FEMME : Voilà. Ça commence comme ça. À chaque fois. Exactement comme ça.

Je suis sur scène, comme ça. Personne ne s'intéresse à moi. Les projecteurs s'éteignent. Personne n'applaudit. Je sens le poids de l'obscurité. Elle pèse de plus en plus lourd. Je cherche un interrupteur, une sortie de secours. Rien. Il n'y a plus rien autour.

J'entends « GAME OVER » et la musique énervante qui va avec. Mais je ne suis pas énervée. J'ai peur. Peur de la chute. Et je tombe. Je tombe sans bruit. Je tombe. Je sombre dans le silence et la nuit. Je tombe. Mon corps s'efface à demi. Je tombe. Je ne suis plus qu'un souffle dans la nuit. Je tombe. Je sens que je m'évanouis. Je tombe. Un dernier soupir et c'est fini.

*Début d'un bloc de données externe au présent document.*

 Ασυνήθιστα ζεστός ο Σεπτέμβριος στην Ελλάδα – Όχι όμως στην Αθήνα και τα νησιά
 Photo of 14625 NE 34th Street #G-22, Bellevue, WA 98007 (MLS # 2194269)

Alors là, on arrive au moment où je vois défiler ma vie. Et comme à chaque fois, je m'ennuie. J'aurais préféré regarder le dernier épisode de ma série. Savoir au moins comment ça se finit.

HOMME : On dirait que tu commences à te faire à l'idée. Toi et moi, on a crevé.

 

FEMME : Comme des ballons !

 

HOMME : On a disparu.

 

FEMME : Comme par enchantement.

 

HOMME : On s'est éteints.

 

FEMME : Comme des ampoules grillées.

 

HOMME : On s'est dissipés.

 

FEMME : Comme des malentendus.

 

HOMME : On a avalé notre extrait de naissance, on a cassé notre pipe, on a fait couic...

 

FEMME : On a fait le grand saut !

 

HOMME : On mange les pissenlits par la racine.

 

FEMME : On mange les salades par le trognon !

 

HOMME : C'est drôlement bien que tu sois là.

 

FEMME : Moi qui croyais que ç'allait être triste et lugubre, après la vie, ça me rassure de rire avec toi.